Exercise brief
Leave every image out, and return the rest of the data word for word.

Collected data
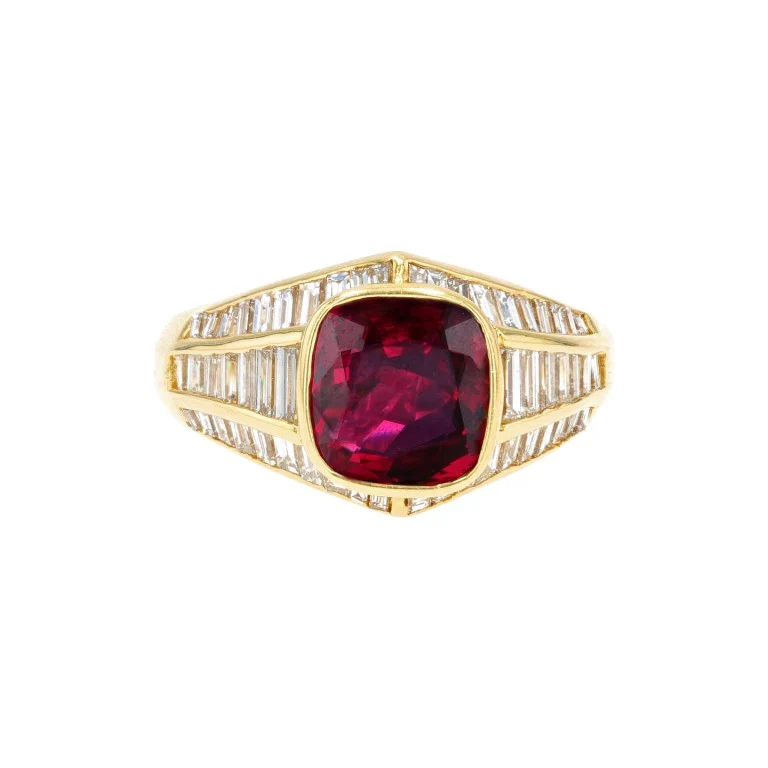 Thai Ruby and Diamond Ring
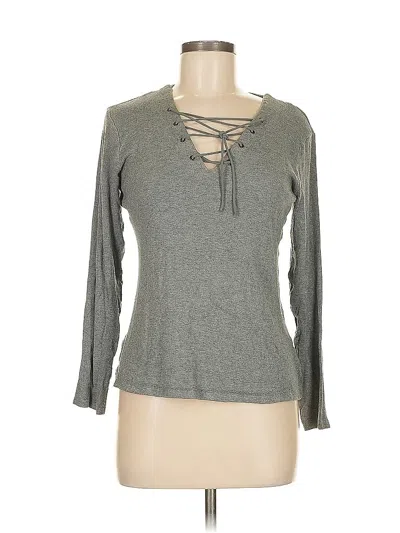 Pre-owned Who What Wear Long Sleeve Top Gray Keyhole Neckline Tops
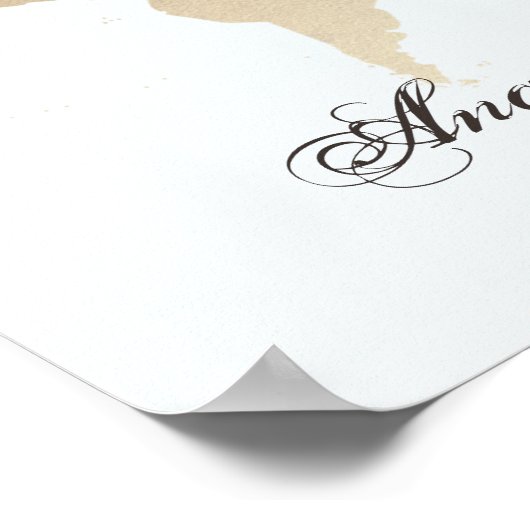 Blue and Tan World Map Guest Signature Poster (Ecke)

Result for this task
 Thai Ruby and Diamond Ring
 Pre-owned Who What Wear Long Sleeve Top Gray Keyhole Neckline Tops
 Blue and Tan World Map Guest Signature Poster (Ecke)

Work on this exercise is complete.